Johnny Cook is not just a Georgia bus driver but a father. It was perhaps the later status that led Cook to voice a concern on Facebook over children who were going hungry at Haralson County Schools. He posted a comment on Facebook after learning that a sixth-grade student was denied lunch because he was 40 cents short to buy lunch. Cook wrote on Facebook “This child is already on reduced lunch and we can’t let him eat. Are you kidding me? … The next time we can’t feed a kid for forty cent, please call me. We will scrape up the money.” That was posted on May 21. On May 23 he was fired by Superintendent Brett Stanton (left).
Superintendent Brett Stanton insists that Cook had to go because he violated the school’s social media policy that warns staff members “who post or contribute any comment or content on social networking sites that causes a substantial disruption” in the school are subject to termination. Stanton considers voicing concern over a child going hungry is a “substantial disruption” of his school system.
Stanton also insists that he has looked at surveillance videotapes and does not believe the child ever went through the line. The child however wrote a letter insisting that it did happen: “I sat at a table with no lunch while other children ate lunch. … No one offered to pay for my lunch and no one offered me a sandwich or a banana or apple.” Other parents say it is Stanton and the school which is lying and that they have seen this occurred with other children.
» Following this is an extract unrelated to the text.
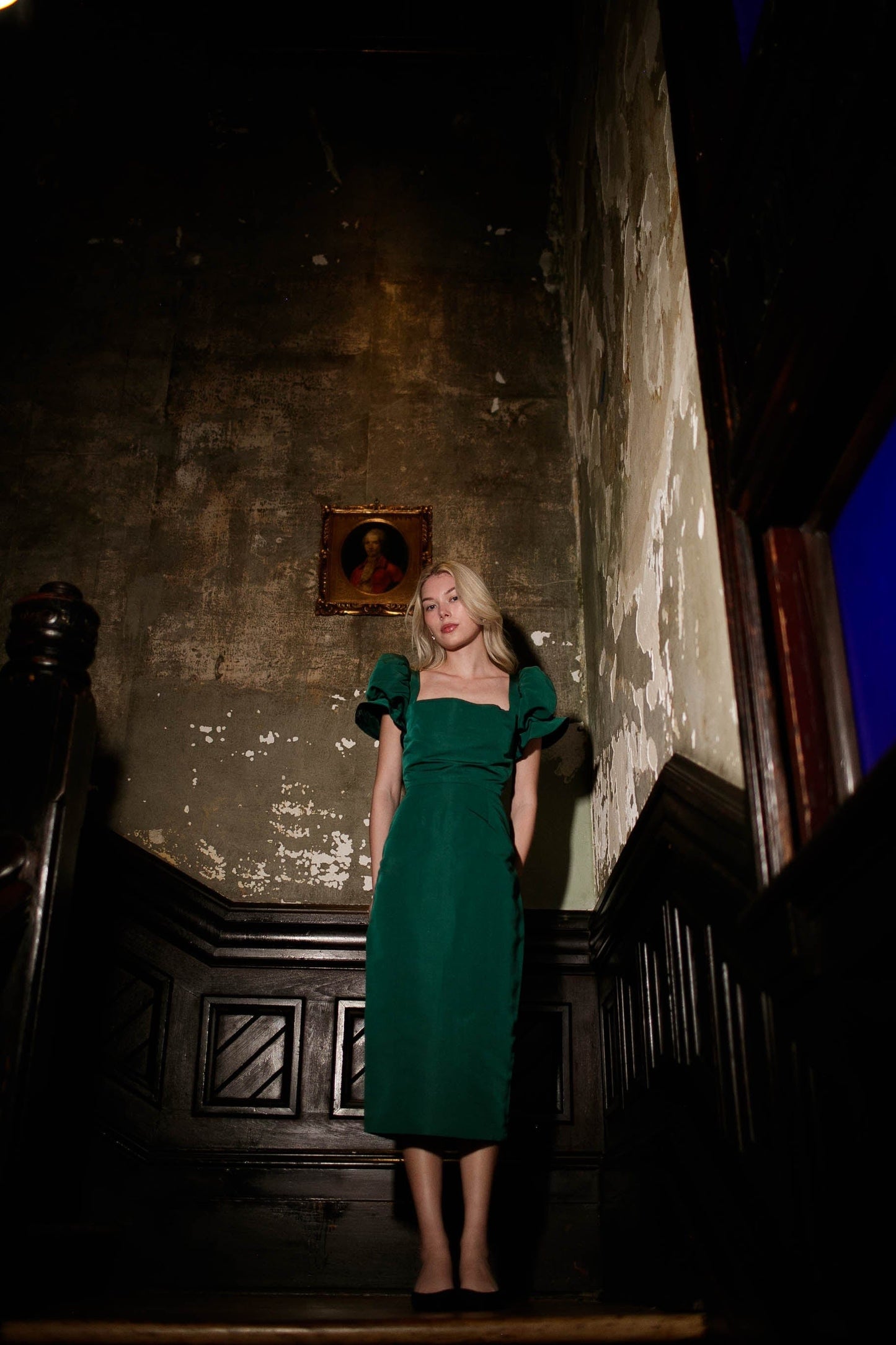 Robe rose à feuilles persistantes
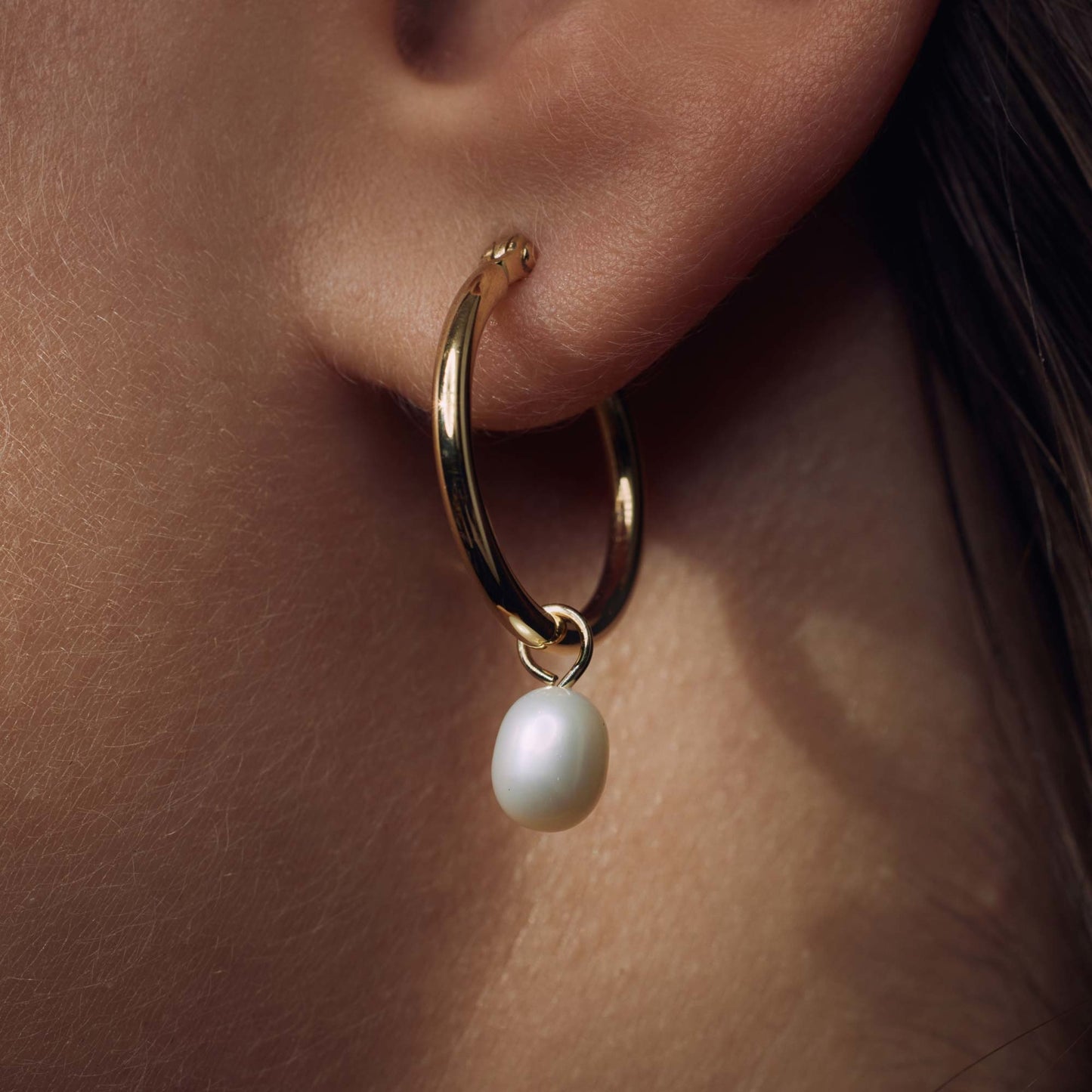 Brioso Cortona Ambra 925 sterling silver gold plated hoop earrings with freshwater pearl - Parte di Me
In the end, the veracity of the child is not important. It is the policy, and its interpretation, that needs to be addressed. I fail to see why public employees cannot voice objections of the treatment of children without being fired for causing a “substantial disruption.” If a single Facebook posting meets that definition, I cannot imagine what would not do so. It is all part of this growing authoritarian environment in our schools from zero tolerance rules to monitoring the private conduct of teachers.